Après la proclamation de la République en 1889, le nom de «militaire» a été ajouté au corps de police créé. Il est devenu connu sous le nom de Corps de police militaire. En 1891, avec la nouvelle Constitution, les États (anciennes provinces) sont devenus plus autonomes. De cette façon, les corps de police ont des particularités et des formations diverses dans leur organisation. Ces corps de police militaire ont reçu, selon la région, différentes dénominations, comme Bataillon de police, Régiment de sécurité et Brigade militaire. Mais ils ont toujours conservé le caractère militarisé.

L’ère Vargas

Avec le début du gouvernement de Getúlio Vargas (1934-1945 et 1951-1954), il y a eu des changements importants dans le rôle des forces de police, qui ont fini par répondre aux situations et aux luttes politiques à l’échelle nationale. Pour prévenir des révoltes comme celles qui ont eu lieu à São Paulo avec la révolte constitutionnaliste de 1932, des mécanismes ont été créés par l’Union pour freiner et contrôler l’augmentation du nombre de policiers et d’armes dans les États. Le chef de la police est désormais subordonné au ministère de la Justice, sous la supervision de la Présidence de la République. L’érosion de l’autonomie des États, qui s’est produite dans la sphère politique dans son ensemble, s’est également répercutée sur les corps de police

Avec la consolidation du Nouvel État et l’approbation de la Constitution, la Cour de sécurité nationale est créée pour les crimes de nature subversive et une division de la police en deux types: l’un pour l’activité policière (dans le rôle de garant de l’ordre) et l’autre pour l’activité militaire (à convoquer en temps de crise).
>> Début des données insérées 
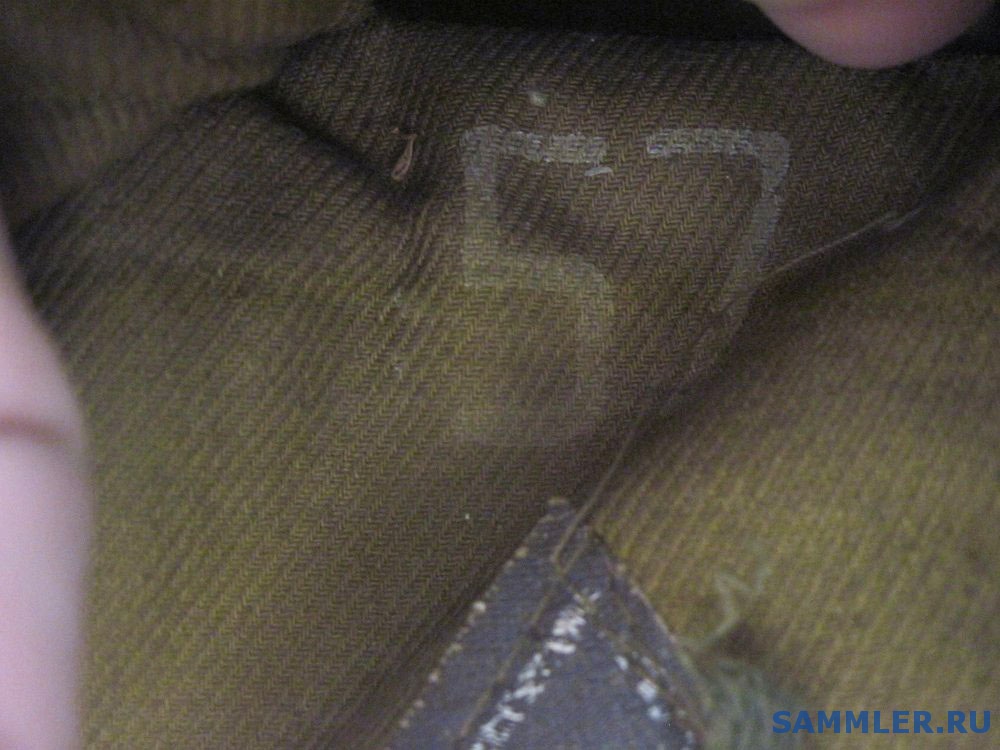 post-144-1377494004_thumb.jpg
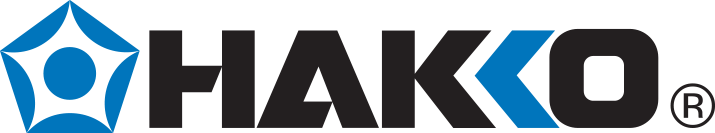 American Hakko Products, Inc. LOGO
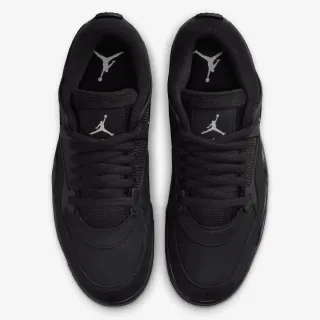 Nike AIR JORDAN 4 RM 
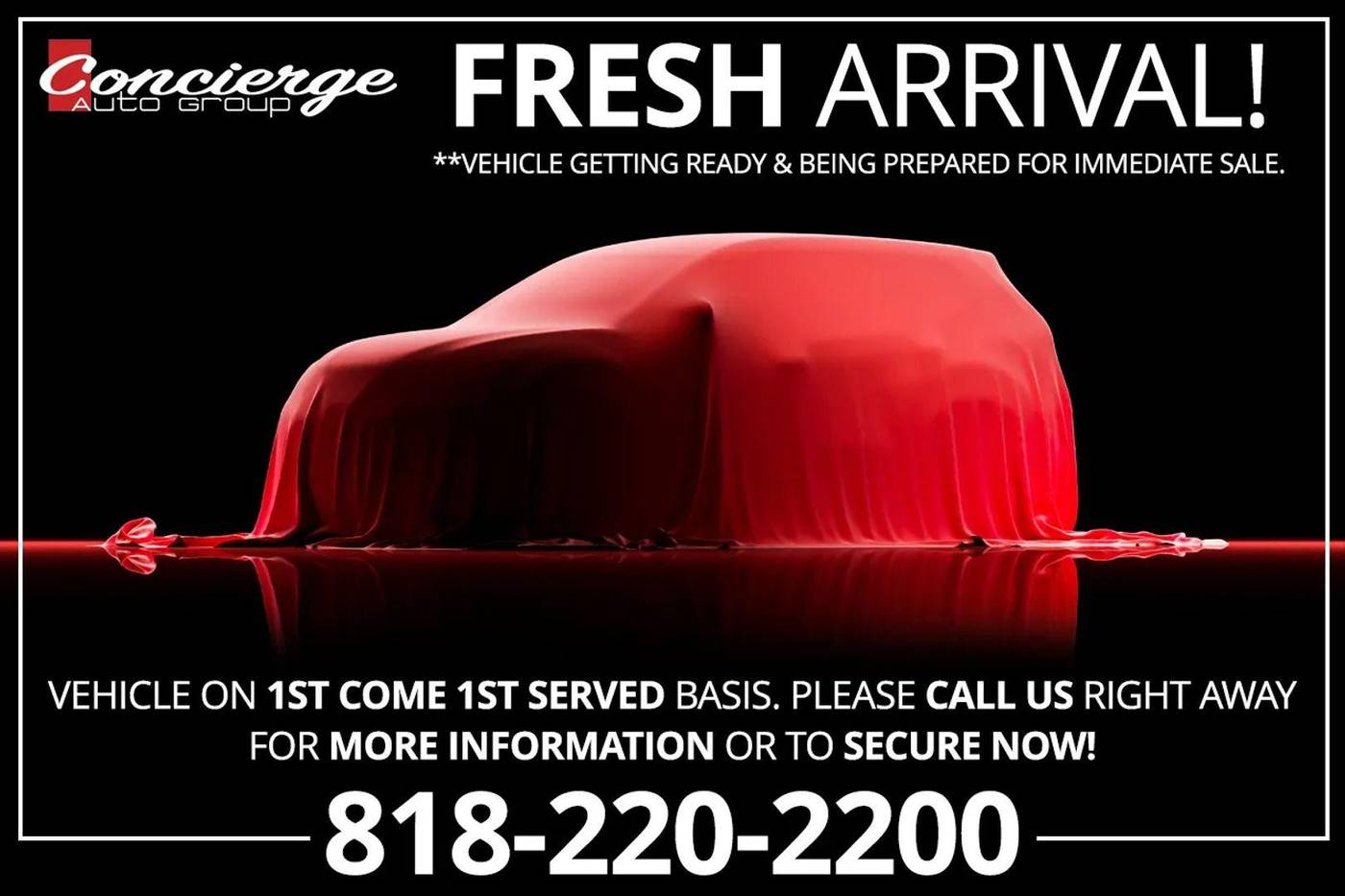 2003 Ford Excursion XLT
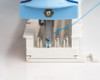Jonard EP-QTH38B Termination & Removal Tool | American Cable Assemblies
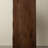 All solid wood practical dining table-106437009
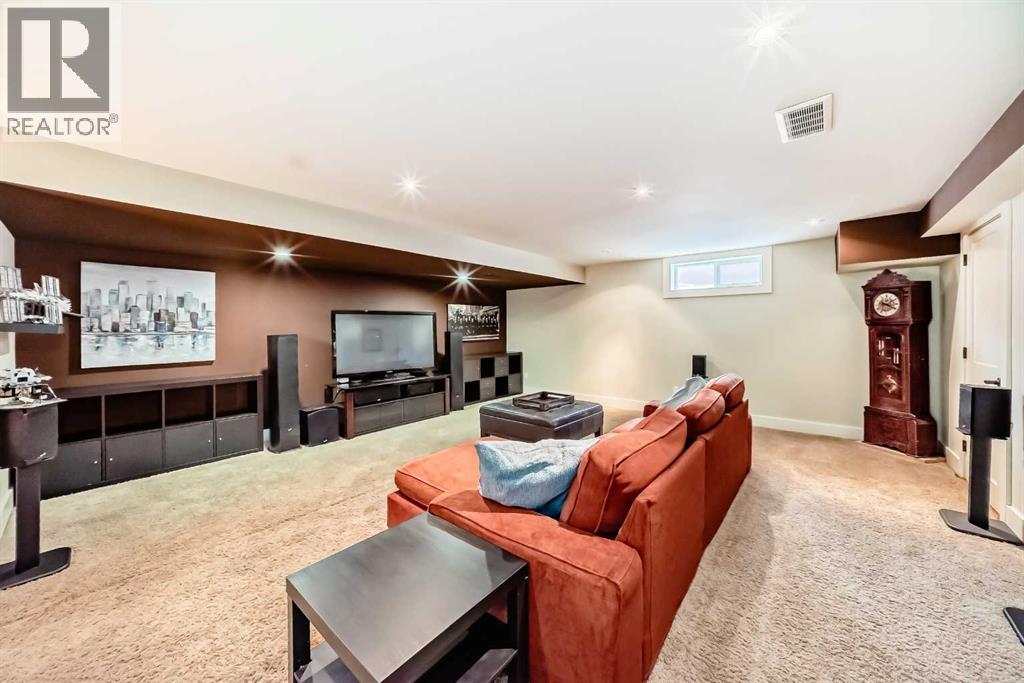 36 Dalrymple Green Nw, Calgary, Alberta  T3A 1Y2 - Photo 32 - A2285650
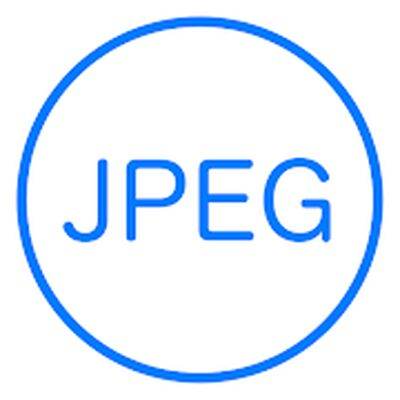 Скачать JPEG Конвертер: PNG/GIF - JPEG [Premium] RU apk на Андроид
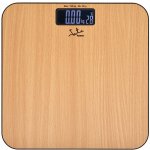 Jata 498 – Hledejceny.cz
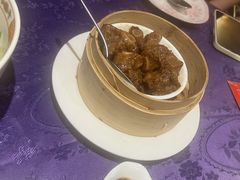 -惠食佳·朱雀(东方商厦店)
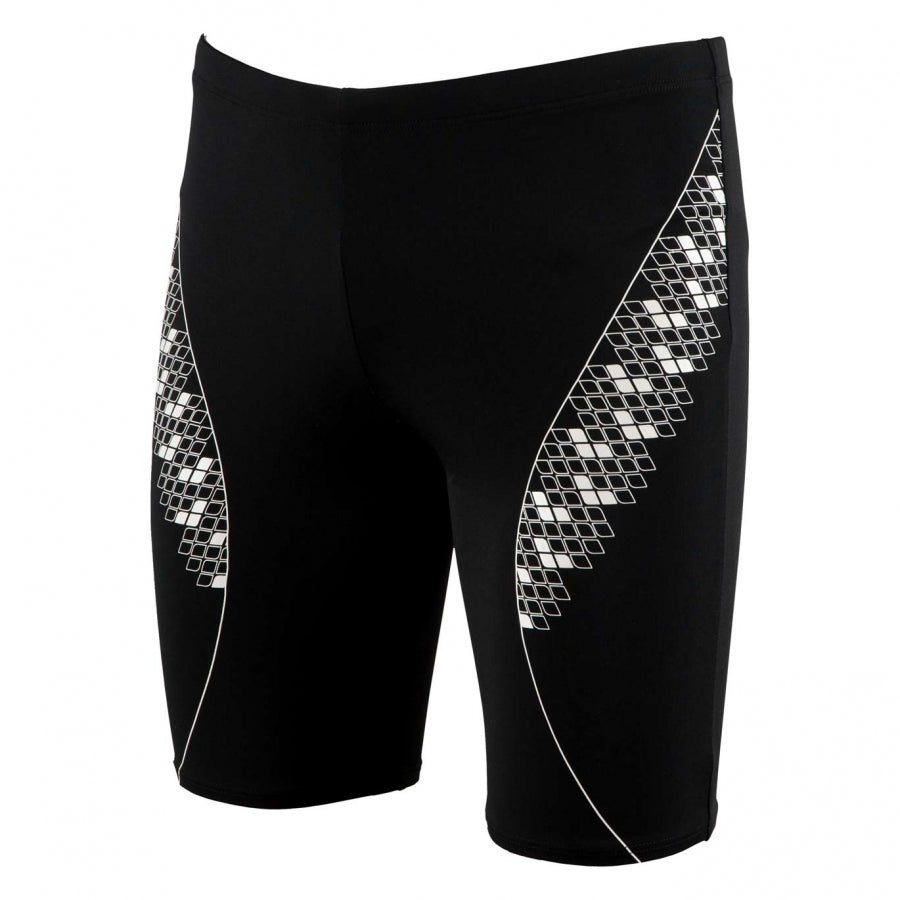 Buy black jammers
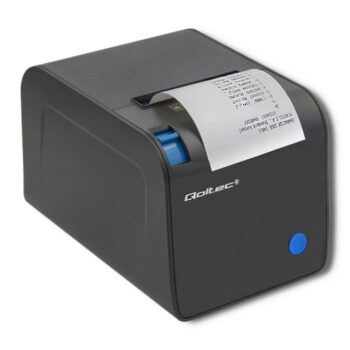 Stampante Termica Qoltec RTP-0246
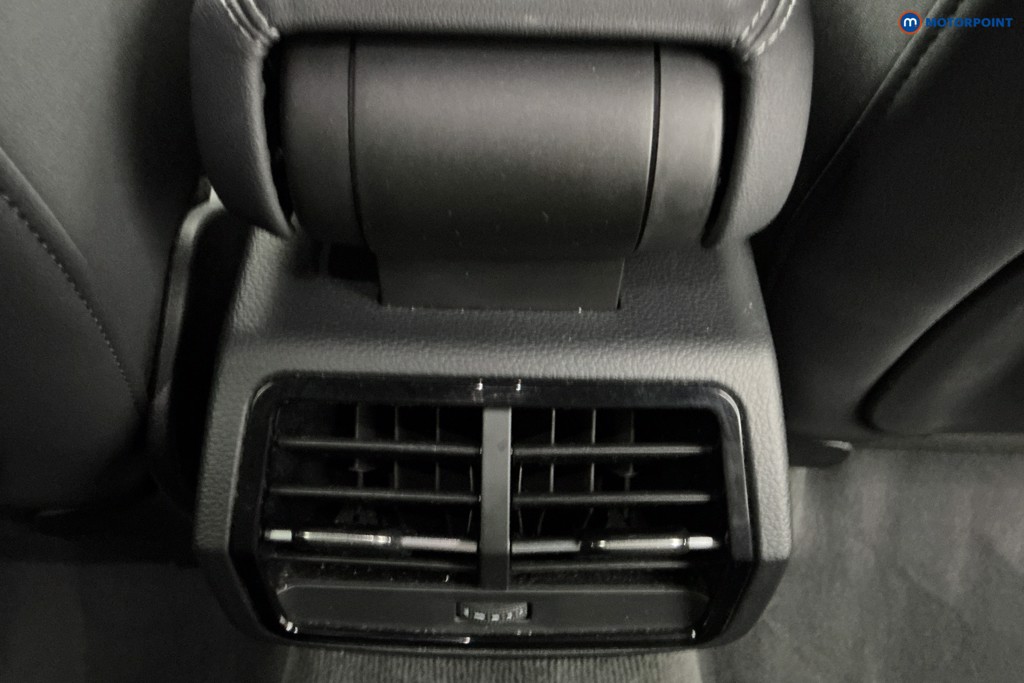 Audi Q3 S Line Manual Petrol SUV - Stock Number (1662898) - 10th supplementary image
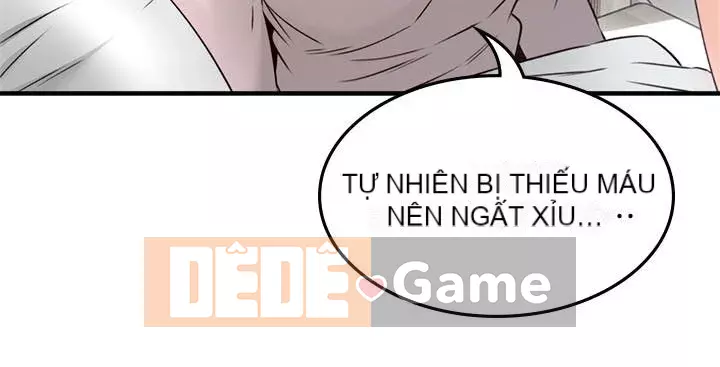 Vợ hàng xóm Chương 1-44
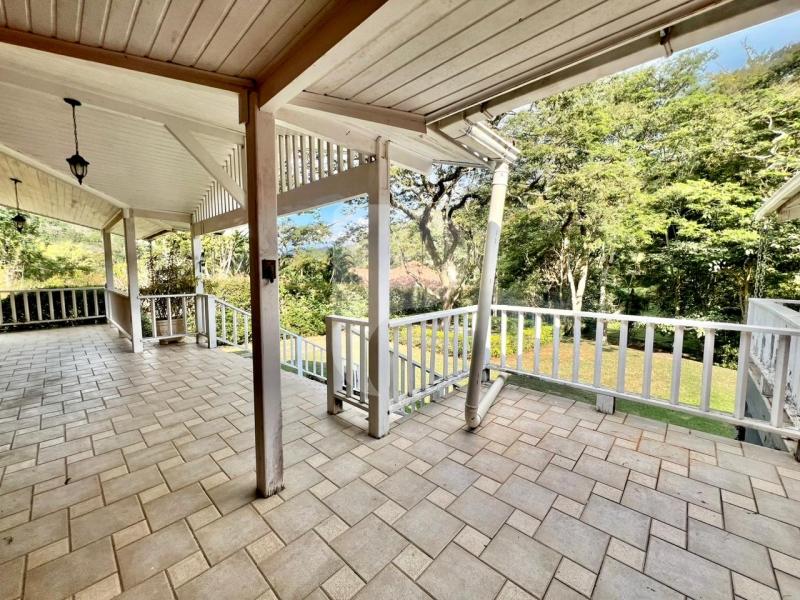 Casa para Alugar  à venda em Pedro do Rio, Petrópolis - RJ - Foto 5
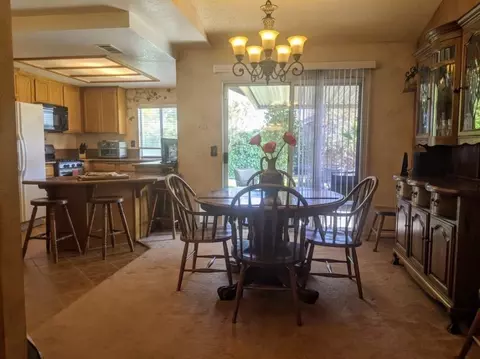 45446 17th St E, Lancaster, CA 93535 photo 19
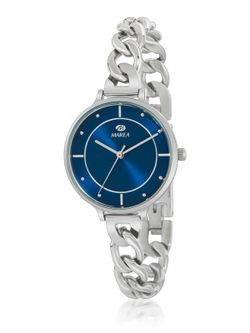 Reloj Marea Mujer B41337/6 Acero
C’est à partir de cette nouvelle Constitution que nous voyons la police militaire se définir comme une force de réserve de l’Armée agissant pour la sécurité et le maintien de l’ordre interne de la Nation. Dans l’Estado Novo (créé en 1937, jusqu’en 1945), les acteurs des États eux-mêmes ne pouvaient pas prendre de décisions sur les actions de la police militaire, soumises au chef du gouvernement provisoire (Vargas).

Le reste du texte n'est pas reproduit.